Your goal: Word for word, set down every line of the entries below from the line with "Men’s Hair Replacement System Online Course" to the line with "(Kolelitotomi) : Safra taşlarının", including both, and no other line.

Data for processing:
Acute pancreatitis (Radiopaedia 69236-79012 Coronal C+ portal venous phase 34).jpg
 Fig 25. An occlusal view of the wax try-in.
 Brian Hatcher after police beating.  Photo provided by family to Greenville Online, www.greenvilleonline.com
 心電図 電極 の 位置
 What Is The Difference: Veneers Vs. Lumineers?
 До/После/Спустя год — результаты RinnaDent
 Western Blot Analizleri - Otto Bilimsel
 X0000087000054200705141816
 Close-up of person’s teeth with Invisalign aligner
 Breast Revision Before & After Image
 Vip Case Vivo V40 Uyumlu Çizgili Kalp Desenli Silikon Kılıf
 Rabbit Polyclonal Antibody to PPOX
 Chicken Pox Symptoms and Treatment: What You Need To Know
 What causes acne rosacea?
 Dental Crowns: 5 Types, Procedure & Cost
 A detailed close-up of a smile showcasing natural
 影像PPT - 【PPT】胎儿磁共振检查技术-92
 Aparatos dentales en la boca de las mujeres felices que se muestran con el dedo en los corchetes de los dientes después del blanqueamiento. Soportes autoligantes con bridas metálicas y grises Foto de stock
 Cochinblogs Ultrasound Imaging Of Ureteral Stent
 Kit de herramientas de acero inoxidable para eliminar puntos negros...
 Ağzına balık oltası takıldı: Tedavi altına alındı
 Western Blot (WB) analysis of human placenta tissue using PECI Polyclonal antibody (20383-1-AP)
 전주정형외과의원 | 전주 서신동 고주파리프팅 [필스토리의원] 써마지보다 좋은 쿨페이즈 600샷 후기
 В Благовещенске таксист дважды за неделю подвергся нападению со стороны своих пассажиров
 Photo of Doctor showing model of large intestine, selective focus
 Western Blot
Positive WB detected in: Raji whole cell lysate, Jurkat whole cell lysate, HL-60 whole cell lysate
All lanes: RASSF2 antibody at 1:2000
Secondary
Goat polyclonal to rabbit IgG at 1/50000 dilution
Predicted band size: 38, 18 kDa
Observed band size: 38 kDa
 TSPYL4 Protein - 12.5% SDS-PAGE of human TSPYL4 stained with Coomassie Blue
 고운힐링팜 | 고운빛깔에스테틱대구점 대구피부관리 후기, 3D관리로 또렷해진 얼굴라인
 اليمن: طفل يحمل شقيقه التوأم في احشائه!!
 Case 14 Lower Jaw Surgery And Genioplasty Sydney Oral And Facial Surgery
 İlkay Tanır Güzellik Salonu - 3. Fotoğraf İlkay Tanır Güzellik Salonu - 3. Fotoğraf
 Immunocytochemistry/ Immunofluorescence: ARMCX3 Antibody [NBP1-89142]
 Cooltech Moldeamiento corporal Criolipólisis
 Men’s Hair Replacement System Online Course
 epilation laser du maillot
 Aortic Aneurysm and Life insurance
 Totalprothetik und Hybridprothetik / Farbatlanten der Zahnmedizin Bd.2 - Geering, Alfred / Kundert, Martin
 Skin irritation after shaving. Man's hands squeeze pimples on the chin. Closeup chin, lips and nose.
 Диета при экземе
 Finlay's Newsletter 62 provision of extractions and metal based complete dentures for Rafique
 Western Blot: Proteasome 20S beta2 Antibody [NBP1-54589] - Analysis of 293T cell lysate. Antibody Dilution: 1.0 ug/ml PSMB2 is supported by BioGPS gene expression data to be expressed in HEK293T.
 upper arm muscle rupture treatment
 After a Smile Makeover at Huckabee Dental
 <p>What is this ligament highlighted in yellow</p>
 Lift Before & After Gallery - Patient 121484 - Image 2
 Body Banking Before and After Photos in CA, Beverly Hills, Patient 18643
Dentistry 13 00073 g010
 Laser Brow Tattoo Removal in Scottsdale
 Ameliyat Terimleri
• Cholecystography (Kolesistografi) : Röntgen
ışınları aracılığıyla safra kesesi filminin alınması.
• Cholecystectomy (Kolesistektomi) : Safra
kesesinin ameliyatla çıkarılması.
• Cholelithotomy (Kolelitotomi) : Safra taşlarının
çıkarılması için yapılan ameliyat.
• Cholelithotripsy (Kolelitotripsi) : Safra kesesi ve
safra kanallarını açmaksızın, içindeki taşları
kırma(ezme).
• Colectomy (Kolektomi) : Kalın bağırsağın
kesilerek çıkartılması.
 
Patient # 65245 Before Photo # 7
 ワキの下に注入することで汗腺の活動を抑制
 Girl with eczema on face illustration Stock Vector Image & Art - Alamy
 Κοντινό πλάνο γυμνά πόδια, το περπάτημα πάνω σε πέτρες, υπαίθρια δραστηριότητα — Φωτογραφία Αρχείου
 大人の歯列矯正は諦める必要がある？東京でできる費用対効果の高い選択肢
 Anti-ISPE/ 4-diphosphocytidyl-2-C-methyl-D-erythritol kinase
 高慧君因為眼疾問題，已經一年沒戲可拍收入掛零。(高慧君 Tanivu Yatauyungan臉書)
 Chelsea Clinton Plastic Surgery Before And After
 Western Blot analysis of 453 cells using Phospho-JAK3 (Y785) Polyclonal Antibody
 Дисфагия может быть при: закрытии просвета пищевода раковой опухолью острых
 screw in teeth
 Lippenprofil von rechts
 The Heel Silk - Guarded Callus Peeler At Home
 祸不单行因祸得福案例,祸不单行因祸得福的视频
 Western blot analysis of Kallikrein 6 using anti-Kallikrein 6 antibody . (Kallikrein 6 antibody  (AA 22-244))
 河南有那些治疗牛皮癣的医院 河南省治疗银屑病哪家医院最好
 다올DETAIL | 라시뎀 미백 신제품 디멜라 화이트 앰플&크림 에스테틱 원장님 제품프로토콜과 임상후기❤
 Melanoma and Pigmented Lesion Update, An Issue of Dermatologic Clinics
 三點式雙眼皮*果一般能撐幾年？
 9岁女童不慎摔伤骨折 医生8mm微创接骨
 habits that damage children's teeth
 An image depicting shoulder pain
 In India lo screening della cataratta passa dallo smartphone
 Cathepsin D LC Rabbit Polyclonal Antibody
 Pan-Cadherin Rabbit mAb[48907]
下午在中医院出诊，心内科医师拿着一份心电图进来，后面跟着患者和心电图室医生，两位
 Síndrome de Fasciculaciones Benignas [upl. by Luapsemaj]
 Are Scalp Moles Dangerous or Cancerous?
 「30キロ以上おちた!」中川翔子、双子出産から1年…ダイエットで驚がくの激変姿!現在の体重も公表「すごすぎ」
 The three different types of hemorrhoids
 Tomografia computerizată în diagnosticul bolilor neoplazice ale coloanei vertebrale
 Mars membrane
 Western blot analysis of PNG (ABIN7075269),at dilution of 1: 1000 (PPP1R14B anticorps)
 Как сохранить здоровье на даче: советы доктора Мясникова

Your solution:
 Men’s Hair Replacement System Online Course
 epilation laser du maillot
 Aortic Aneurysm and Life insurance
 Totalprothetik und Hybridprothetik / Farbatlanten der Zahnmedizin Bd.2 - Geering, Alfred / Kundert, Martin
 Skin irritation after shaving. Man's hands squeeze pimples on the chin. Closeup chin, lips and nose.
 Диета при экземе
 Finlay's Newsletter 62 provision of extractions and metal based complete dentures for Rafique
 Western Blot: Proteasome 20S beta2 Antibody [NBP1-54589] - Analysis of 293T cell lysate. Antibody Dilution: 1.0 ug/ml PSMB2 is supported by BioGPS gene expression data to be expressed in HEK293T.
 upper arm muscle rupture treatment
 After a Smile Makeover at Huckabee Dental
 <p>What is this ligament highlighted in yellow</p>
 Lift Before & After Gallery - Patient 121484 - Image 2
 Body Banking Before and After Photos in CA, Beverly Hills, Patient 18643
Dentistry 13 00073 g010
 Laser Brow Tattoo Removal in Scottsdale
 Ameliyat Terimleri
• Cholecystography (Kolesistografi) : Röntgen
ışınları aracılığıyla safra kesesi filminin alınması.
• Cholecystectomy (Kolesistektomi) : Safra
kesesinin ameliyatla çıkarılması.
• Cholelithotomy (Kolelitotomi) : Safra taşlarının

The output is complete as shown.